Bayer hakt Kroos ab. Nach einem Abschied im Sommer hörte sich an, was Trainer Jupp Heynckes am Freitag über den begnadeten Leihspieler sagte. Zwar gebe es noch keine endgültige Entscheidung, doch der FC Bayern habe „klar artikuliert, dass sie Toni zurückholen. Wir müssen das so akzeptieren.“
Bayern-Boss Karl-Heinz Rummenigge besuchte Kroos' Beratungsagentur SportsTotal in Köln und machte Bayerns Standpunkt deutlich. „Das kann ich bestätigen. Aber vereinbart wurde auch, dass Bayern-Trainer Louis van Gaal in den nächsten zwei, drei Wochen persönlich mit Toni spricht“, sagt Kroos' Berater Volker Struth.

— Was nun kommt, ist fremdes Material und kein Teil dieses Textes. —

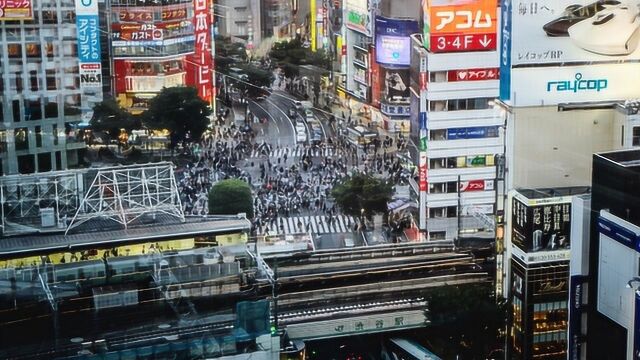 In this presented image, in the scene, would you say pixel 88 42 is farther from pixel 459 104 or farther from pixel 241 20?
pixel 241 20

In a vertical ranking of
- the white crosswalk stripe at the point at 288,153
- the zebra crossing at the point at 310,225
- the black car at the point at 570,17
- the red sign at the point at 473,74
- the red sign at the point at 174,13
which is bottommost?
the zebra crossing at the point at 310,225

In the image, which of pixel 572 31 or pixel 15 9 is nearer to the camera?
pixel 572 31

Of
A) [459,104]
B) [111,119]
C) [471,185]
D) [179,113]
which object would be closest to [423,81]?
[459,104]

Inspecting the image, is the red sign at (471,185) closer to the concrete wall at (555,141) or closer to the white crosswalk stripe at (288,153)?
the concrete wall at (555,141)

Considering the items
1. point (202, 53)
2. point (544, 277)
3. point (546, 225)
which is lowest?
point (544, 277)

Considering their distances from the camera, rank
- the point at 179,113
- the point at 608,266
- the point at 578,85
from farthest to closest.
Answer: the point at 179,113 → the point at 578,85 → the point at 608,266

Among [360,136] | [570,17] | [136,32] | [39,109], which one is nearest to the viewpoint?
[570,17]

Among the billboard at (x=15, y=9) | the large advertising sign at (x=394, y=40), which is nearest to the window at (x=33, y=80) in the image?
the billboard at (x=15, y=9) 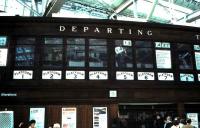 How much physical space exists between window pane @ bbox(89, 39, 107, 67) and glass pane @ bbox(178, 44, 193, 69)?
14.8 feet

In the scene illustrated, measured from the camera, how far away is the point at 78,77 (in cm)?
1666

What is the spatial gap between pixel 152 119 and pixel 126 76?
2.88m

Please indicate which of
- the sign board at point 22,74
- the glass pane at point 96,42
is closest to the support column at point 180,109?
the glass pane at point 96,42

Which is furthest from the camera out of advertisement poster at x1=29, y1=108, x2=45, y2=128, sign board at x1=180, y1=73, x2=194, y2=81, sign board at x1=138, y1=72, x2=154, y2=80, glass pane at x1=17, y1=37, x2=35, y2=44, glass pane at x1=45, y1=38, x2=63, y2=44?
sign board at x1=180, y1=73, x2=194, y2=81

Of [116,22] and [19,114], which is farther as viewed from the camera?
[116,22]

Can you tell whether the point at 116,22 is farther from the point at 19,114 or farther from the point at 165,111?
the point at 19,114

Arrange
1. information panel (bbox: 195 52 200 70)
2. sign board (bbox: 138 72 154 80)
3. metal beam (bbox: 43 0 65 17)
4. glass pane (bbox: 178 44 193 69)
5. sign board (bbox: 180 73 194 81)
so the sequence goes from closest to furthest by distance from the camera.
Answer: sign board (bbox: 138 72 154 80), sign board (bbox: 180 73 194 81), glass pane (bbox: 178 44 193 69), information panel (bbox: 195 52 200 70), metal beam (bbox: 43 0 65 17)

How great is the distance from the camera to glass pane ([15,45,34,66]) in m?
16.5

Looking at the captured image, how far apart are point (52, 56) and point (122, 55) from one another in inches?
150

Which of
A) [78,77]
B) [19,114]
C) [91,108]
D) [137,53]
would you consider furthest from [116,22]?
[19,114]

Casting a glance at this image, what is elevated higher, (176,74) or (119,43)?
(119,43)

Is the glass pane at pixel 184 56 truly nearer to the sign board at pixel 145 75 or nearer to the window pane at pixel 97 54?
the sign board at pixel 145 75

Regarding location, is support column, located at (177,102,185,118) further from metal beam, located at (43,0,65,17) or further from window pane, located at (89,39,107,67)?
metal beam, located at (43,0,65,17)

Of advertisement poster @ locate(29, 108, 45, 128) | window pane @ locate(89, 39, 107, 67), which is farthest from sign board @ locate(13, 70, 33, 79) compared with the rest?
window pane @ locate(89, 39, 107, 67) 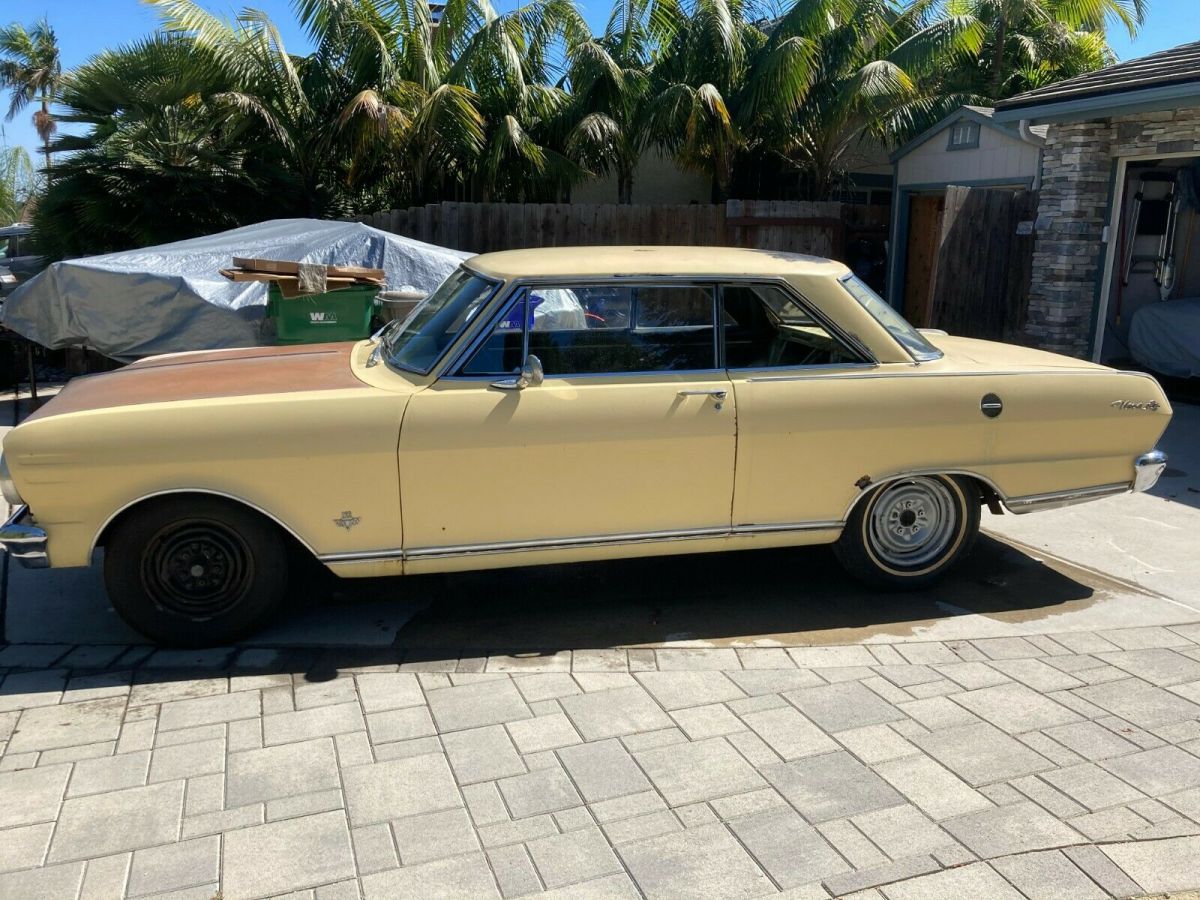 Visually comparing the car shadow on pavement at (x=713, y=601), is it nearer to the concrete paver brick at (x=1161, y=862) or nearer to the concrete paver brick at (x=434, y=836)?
the concrete paver brick at (x=434, y=836)

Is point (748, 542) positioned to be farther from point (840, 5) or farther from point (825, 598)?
point (840, 5)

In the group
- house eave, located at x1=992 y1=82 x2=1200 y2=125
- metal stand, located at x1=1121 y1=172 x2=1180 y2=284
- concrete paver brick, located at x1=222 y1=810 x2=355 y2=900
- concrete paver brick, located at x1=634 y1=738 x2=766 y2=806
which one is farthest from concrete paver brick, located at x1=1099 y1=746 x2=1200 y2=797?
metal stand, located at x1=1121 y1=172 x2=1180 y2=284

Also ist doch noch nicht alles klar? Bei Bayer ist es ein offenes Geheimnis, dass der Spieler selbst lieber in Leverkusen bleiben möchte. Der Neu-Nationalspieler wird aber einen Teufel tun, öffentlich Stellung zu beziehen. Er hat nun einmal auch einen Vertrag mit den Bayern.
Sollte Kroos gehen müssen, hat Bayer schon einen Nachfolger im Visier: Milan Badelj (21) von Dinamo Zagreb. Er gilt als einer der talentiertesten offensiven Mittelfeldspieler Kroatiens.